The National Bank Venue Statute, 12 U.S.C. § 94, limits the availability of courts for suits against national banks to federal courts sitting in counties in which the national banks are “established” (and to state courts sitting in the county or counties in which the bank is located). While the language of the statute suggests that its application might be permissive, it is well settled that its provisions are mandatory. Mercantile National Bank v. Langdeau, 371 U.S. 555, 83 S.Ct. 520, 9 L.Ed.2d 523 (1963).

A national bank is “established” for purposes of federal court venue only “ ‘in the place where its principal office and place of business is as specified in its organization certificate.’ . . . Even establishment of a branch office in another district will not suffice to [establish] the bank there for venue purposes. ... In essence the statute confers on national banks immunity from suit outside the district, territory, county, and city where it is located.” Northside Iron & Metal Company v. Dobson & Johnson, Inc., 480 F.2d 798, 799-800 (5th Cir. 1973). (The Supreme Court held in Citizens & Southern National Bank v. Bougas, 434 U.S. 35, 98 S.Ct. 88, 54 L.Ed.2d 218 (1977), that, for purposes of state court venue, a bank is located in charter county and county in which it conducts business at an authorized branch.)

However, the venue provision of 12 U.S.C. § 94 has been held on many occasions to be a privilege personal to the national bank, which the national bank can waive. Helco, Inc. v. First National City Bank, 470 F.2d 883 (3rd Cir. 1972); Buffum v. Chase National Bank of City of New York, 192 F.2d 58 (7th Cir. 1951). A national bank may waive the privilege in one of three ways: by express declaration, by failure to *134assert the privilege, or, by actions which are inconsistent with the assertion of the privilege. Northside Iron & Metal Co. v. Dobson & Johnson, Inc., supra; Stutsman v. Patterson, 457 F.Supp. 189 (C.D.Cal.1978).

The thrust of Plaintiff’s argument is that the Bank waived its venue privilege by delivering (via U.S. Mails) a letter of credit to Tafeo in Pittsburgh, payable upon a shipment of goods to Kentucky.

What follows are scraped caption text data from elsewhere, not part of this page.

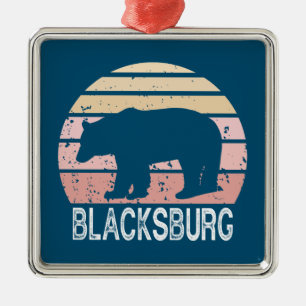 Blacksburg Virginia Retro Bear Julgransprydnad Metall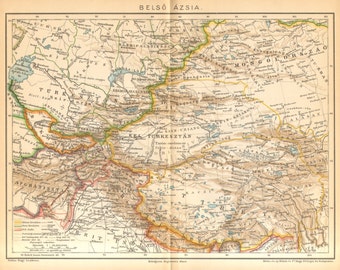 1893 Original Antique Map of Inner or Central Asia
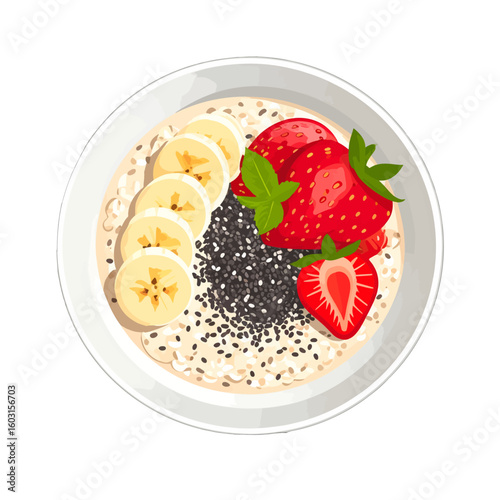 Colorful Oatmeal Bowl with Bananas and Strawberries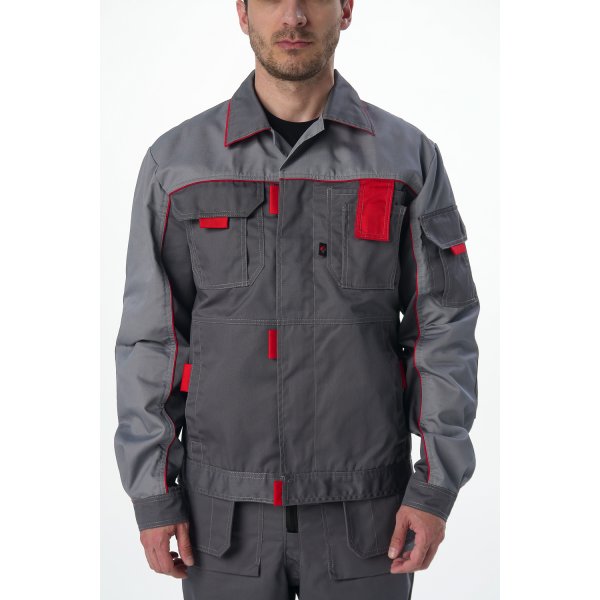 Костюм Союз-Профессионал-1 (тк.Балтекс,240) брюки, т.серый/св.серый/красный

The case law is contrary to Plaintiff’s position. See Stutsman v. Patterson, supra; D. Nelsen & Sons, Inc. v. FDIC, 440 F.Supp. 1000 (N.D.Ill.1977); Anthony v. Drovers National Bank of Chicago, 405 F.Supp. 626 (D.S.C.1975); Tanglewood Mall, Inc. v. Chase Manhattan Bank, 371 F.Supp. 722 (W.D.Va.), aff’d 508 F.2d 838 (4th Cir. 1974). For example, in D. Nelsen & Sons, Inc. v. FDIC, supra, the court held that issuance of a letter of credit into another state did not waive the venue privilege, since doing business in a state does not in itself manifest a bank’s intent to waive its venue privilege, citing Northside Iron & Metal Co. v. Dobson & Johnson, Inc., supra.

We note, as did the court in Anthony v. Drovers National Bank of Chicago, supra at 628, that to hold that a bank waives its venue privilege by sending a letter of credit outside its “location” would “ ‘bend the law too far from the obvious intent of the legislature and render altogether meaningless the Congressional enactment favoring local suits of national banks.’ ”

An appropriate order will be entered granting the Bank’s Motion to Transfer to the Northern District of Texas, Dallas Division.

*135EXHIBIT A

. Suit was originally filed against Garland and the Bank. Garland moved to dismiss and, pursuant to agreement of all counsel, the motion was granted.

. At oral argument, counsel for the Bank agreed that even if venue were improper, the case was more properly one for transfer. This is consistent with our reading of the law that, absent an indication that suit was commenced in an improper venue for purposes of harassment, transfer of the case is preferable to dismissal. See De La Fuente v. ICC, 451 F.Supp. 867 (N.D.Ill.1978).